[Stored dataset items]
********

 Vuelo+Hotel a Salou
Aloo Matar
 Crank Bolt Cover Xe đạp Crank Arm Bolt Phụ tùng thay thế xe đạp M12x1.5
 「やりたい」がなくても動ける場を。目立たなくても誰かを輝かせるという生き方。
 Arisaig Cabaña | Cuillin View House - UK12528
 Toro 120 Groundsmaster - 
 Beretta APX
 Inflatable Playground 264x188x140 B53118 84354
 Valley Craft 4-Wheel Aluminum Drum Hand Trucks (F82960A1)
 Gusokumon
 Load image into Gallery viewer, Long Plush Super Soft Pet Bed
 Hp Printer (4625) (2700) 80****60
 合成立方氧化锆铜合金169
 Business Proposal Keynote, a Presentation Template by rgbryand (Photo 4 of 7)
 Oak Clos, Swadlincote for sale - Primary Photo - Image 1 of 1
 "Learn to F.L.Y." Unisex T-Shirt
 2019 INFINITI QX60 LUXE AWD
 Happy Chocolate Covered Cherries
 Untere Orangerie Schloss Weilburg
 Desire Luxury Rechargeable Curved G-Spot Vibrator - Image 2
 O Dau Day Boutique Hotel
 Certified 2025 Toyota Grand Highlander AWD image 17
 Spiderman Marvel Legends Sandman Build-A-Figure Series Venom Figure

********

(ACTIVITY) Look through the entries above and report each line where the string "Photo" occurs.

(EXERCISE RESULT)
 Business Proposal Keynote, a Presentation Template by rgbryand (Photo 4 of 7)
 Oak Clos, Swadlincote for sale - Primary Photo - Image 1 of 1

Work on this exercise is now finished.